Okay so that's an important point.

5:55

That also means because we know what the solution is, beta-hat,

which is the particular, which is x transpose x inverse x transpose y.

That is the particular vector in R2 that converts x into

the correct set of linear combinations of its columns to form the projection.

So our y-hat, or our projection, is x, x transpose x inverse x transpose y.

6:28

So, it is interesting to note that the linear operator that takes in out of

vector Z and moves it to HxZ is the operation that projects a vector

in our end onto the two-dimensional space spanned by the columns of x.

So Hx is exactly a projection vector, it's a projection operator.

So it's often called the projection matrix.

Sometimes it's also called,

the reason I give it the letter H is it's often called the hat matrix as well.

7:01

The final thing I'd like to point out is if we consider our residuals,

that's the points e=y- y-hat.

So that's y- x, x transpose x inverse x transpose y,

which we can also write out as I minus the hat matrix times y.

So notice our residual is exactly the difference between y and

y-hat, so that's this vector right here.

That's e.

So if we write it over there, that's e.

But notice that e is going to be orthogonal to any point in gamma, right?

So e is going to be orthogonal to any point in gamma.

And what does that mean?

That means e transpose times z

8:08

And in particular our residuals are orthogonal to any column of x,

and we'll elaborate on that point here in a minute.

But let's actually prove this mathematically.

We can see it geometrically pretty easily but let's prove it mathematically.
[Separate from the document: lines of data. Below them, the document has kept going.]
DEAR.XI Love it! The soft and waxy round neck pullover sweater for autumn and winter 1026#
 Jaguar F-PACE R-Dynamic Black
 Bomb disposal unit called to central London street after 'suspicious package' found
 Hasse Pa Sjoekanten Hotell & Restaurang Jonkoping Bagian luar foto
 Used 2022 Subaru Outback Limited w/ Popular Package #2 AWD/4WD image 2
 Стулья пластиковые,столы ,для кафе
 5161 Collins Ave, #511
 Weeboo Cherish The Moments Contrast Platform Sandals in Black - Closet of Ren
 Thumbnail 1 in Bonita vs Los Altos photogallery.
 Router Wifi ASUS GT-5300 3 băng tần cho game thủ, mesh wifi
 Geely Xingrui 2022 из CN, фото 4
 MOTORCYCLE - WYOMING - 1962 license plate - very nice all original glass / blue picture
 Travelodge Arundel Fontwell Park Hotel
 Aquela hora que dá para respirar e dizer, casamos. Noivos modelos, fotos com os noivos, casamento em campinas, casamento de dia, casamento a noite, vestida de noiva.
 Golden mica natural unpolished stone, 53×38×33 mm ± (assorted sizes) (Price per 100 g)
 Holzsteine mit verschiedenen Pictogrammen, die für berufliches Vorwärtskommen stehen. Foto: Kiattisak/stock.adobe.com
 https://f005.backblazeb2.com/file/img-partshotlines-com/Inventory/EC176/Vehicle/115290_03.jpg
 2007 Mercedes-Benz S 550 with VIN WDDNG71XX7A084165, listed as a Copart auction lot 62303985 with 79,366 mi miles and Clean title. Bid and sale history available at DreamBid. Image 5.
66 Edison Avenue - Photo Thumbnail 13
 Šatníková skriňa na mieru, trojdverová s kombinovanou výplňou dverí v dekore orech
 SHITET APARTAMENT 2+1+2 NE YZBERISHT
Well, we've mentioned at some previous lectures that if I take I- Hx and

multiply it times x, I get 0.

So certainly if I multiply it times x times gamma, that is also going to get 0.

So you can go through, if you didn't see this in a previous lecture,

just actually go through it, it's a very easy thing to prove.

And so that's showing again,

that the residuals are orthogonal to every point in the space gamma.

So this means that if our x contains a vector Jn intercept,

and then other columns, this means that e transposed times Jn has to equal 0,

which means that the sum of our residuals has to be zero.

But it's not just that the sum of the residuals have to be zero,

it's e transposed times xk for any xk column of x also has to be zero.

Or any linear combination of the columns of x also has to be zero.

Okay, so the point I wanted to get across in this lecture is that it's

quite useful to think about geometry and

geometrically what's occurring when you think about least squares.

Often you can, this will help you logic your way through actual

applied statistical problems if you can think about these problems geometrically.